» Dataset records
****

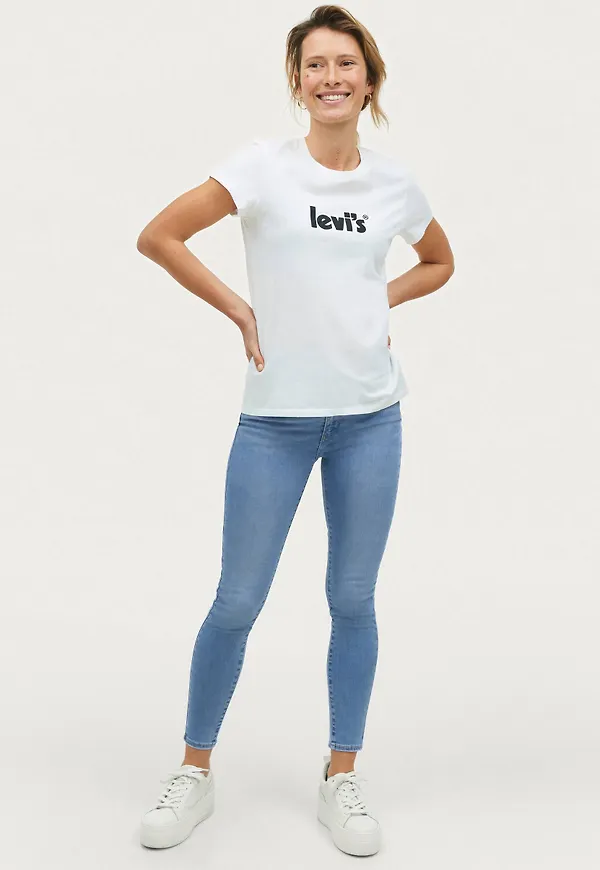 Levi's - Jeans 720 High-Rise Super Skinny - Blå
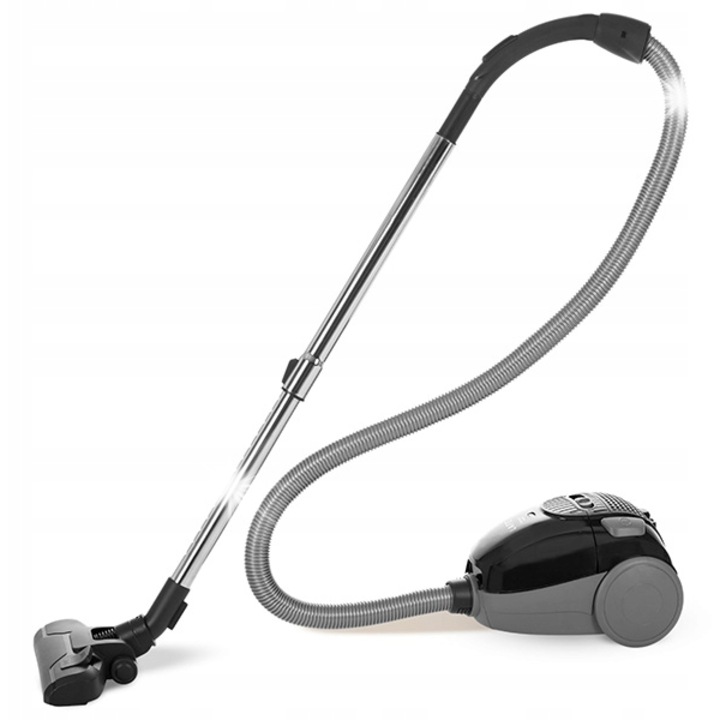 Прахосмукачка с торба Lafe OWJ001 800W, 1L, телескопична тръба, комплект 4 торби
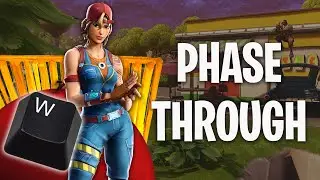 COMO HACER PHASE EN FORTNITE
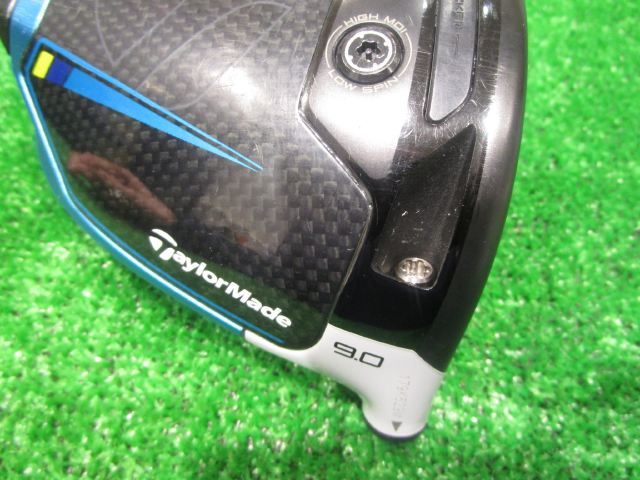 中古 SIM2 9°ドライバー ゴルフ用品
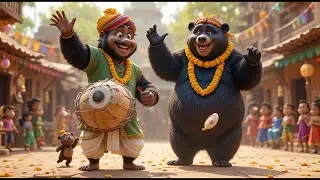 कालू मदारी आया | Kalu Madari Aaya | RainbowTV | RainbowTV 3D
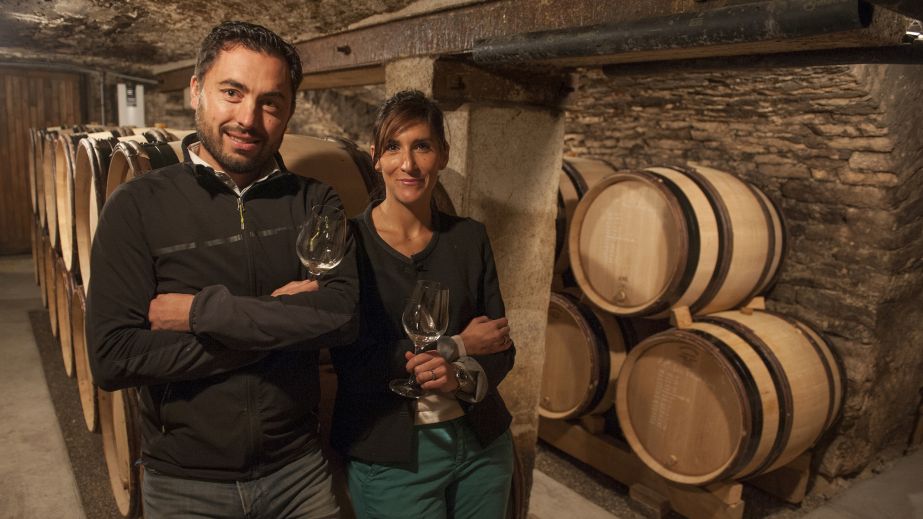 Benoit and Emilie of Etienne Sauzet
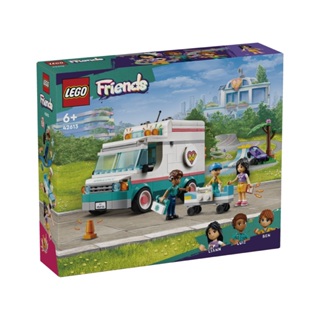 玩具反斗城 LEGO樂高 心湖城醫院救護車 42613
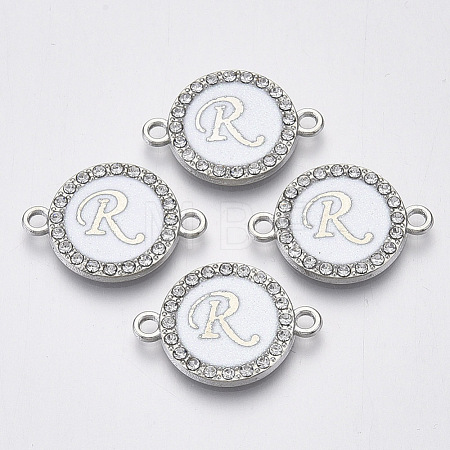 Alloy Enamel Links Connectors ENAM-TAC0003-01S-04R-1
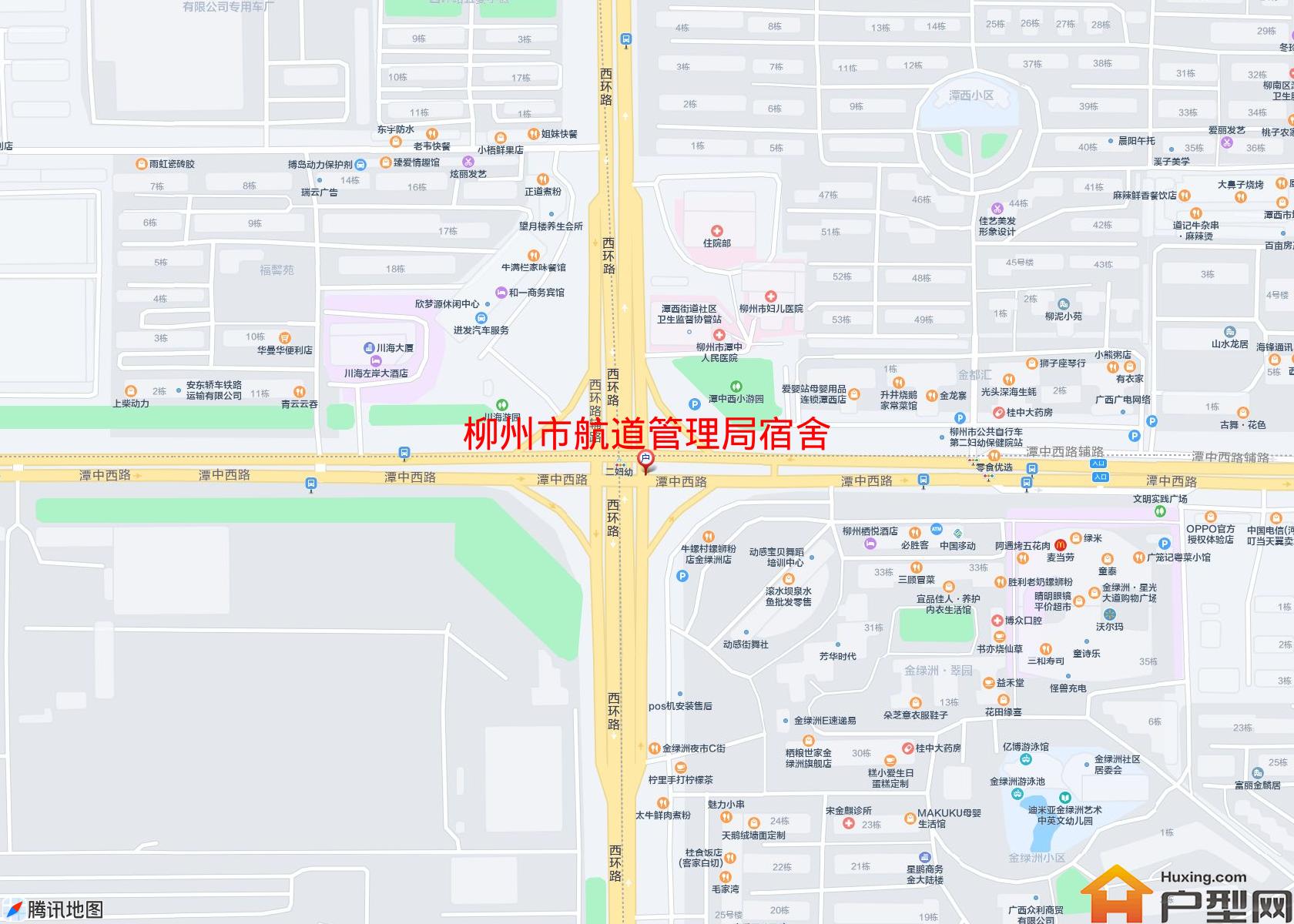 航道管理局宿舍小区 - 户型网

****

» Task brief
Please print exactly the lines running from the line with "Alloy Enamel Links" through the final line of the material, and nothing more. Keep pictures out.

» Reply to the task
 Alloy Enamel Links Connectors ENAM-TAC0003-01S-04R-1
 航道管理局宿舍小区 - 户型网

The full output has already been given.